密码查询可遍历特定类型的所有节点以及与组相关的节点

Question

Can someone help a neo4j newbie (this is my 2nd day!) solve the following problem?

I have a database and I have all players (P) that have played a game session (S) and the scores they achieved. There are numerous Ss, let's call them S1, S2, S3 ... etc. There are numerous Ps, P1, P2, P3 ... etc.

Each session has players, eg

(P)-[:PLAYED]->(S)

Each session has a variable number of players, from 2 to 10.

What I want to do, is access every SESSION, get every player for that session and then rank them according to score. The players need to be first sorted by score and then ranked, with each player with a higher score than the preceding player having a BEAT relationship. Normally, I would use a FOREACH loop, but I can't figure out how to do the same with Cypher.

For example, S1 has players P1, P3, and P5. If P3 got 100, P1 got 70, and P5 30, I would like to create the following relationships:

(P3)-[:BEAT]->(P1)-[:BEAT]->(P5)

I need to do this for every session. What would be the best way to approach this problem?

Regards,

Answer 1

Assuming that score is stored on the :PLAYED relationship, this should work:

// Find all players who have played in a session
MATCH (p:Player)-[r:PLAYED]->(s:Session)           
// for each Session, order the players by their score for that session
WITH s, p ORDER BY r.score DESC       
// for each session, group the players (now ordered by their scores)
WITH s, COLLECT(p) AS players   
// iterate over the sequence 0..number_of_players_in_this_session-2
UNWIND range(0,size(players)-2) AS i      
// grab pairs of players, starting from the highest scoring
WITH players[i] AS l1, players[i+1] AS l2      
// create :BEAT relationship
CREATE (l1)-[:BEAT]->(l2)

There is a simple Neo4j console example here

Of course there is a data modeling problem here, you are not associating the :BEAT relationships with a particular session.

Answer 2

Just to add a shortcut approach to save a few lines of Cypher, you can install APOC Procedures and use apoc.nodes.link() to quickly create your relationship chain.

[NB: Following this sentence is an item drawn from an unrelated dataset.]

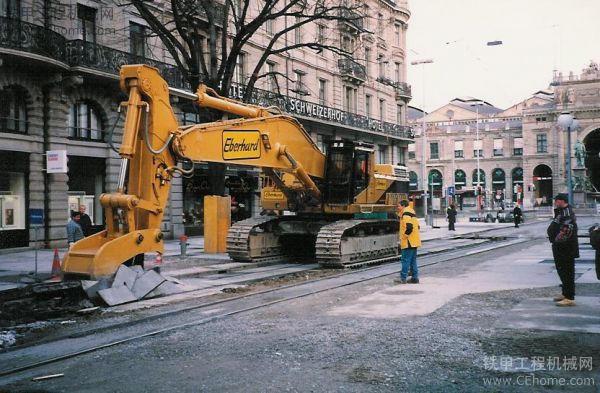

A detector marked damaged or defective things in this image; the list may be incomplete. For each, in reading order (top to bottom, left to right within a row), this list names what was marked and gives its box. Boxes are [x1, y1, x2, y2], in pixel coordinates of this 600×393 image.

broken concrete slab [97, 284, 137, 306]
broken concrete slab [112, 264, 138, 288]
broken concrete slab [132, 268, 166, 298]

Using William Lyon's query as a base:

// Find all players who have played in a session
MATCH (p:Player)-[r:PLAYED]->(s:Session)           
// for each Session, order the players by their score for that session
WITH s, p ORDER BY r.score DESC       
// for each session, group the players (now ordered by their scores)
WITH s, COLLECT(p) AS players  
CALL apoc.nodes.link(players, 'BEAT')
// can't end a query with CALL, so just do a dummy return of some kind
RETURN DISTINCT true

Answer 3

If anyone finds this post useful, I would like to add, to process a large result set (to avoid running out of memory), try this:

// Find all players who have played in a session
MATCH (p:Player)-[r:PLAYED]->(s:Session)           
// for each Session, order the players by their score for that session
WITH s, p ORDER BY r.score DESC
//Paginate/batch process results to avoid exhausting memory
SKIP 500000*n
LIMIT 500000          
// for each session, group the players (now ordered by their scores)
WITH s, COLLECT(p) AS players  
CALL apoc.nodes.link(players, 'BEAT')
// can't end a query with CALL, so just do a dummy return of some kind
RETURN DISTINCT true

ie the lines

SKIP 500000*n
LIMIT 500000  

Were added. Set n = 0, and keep increasing until no more records are updated.

Thank you to everyone who contributed to this thread.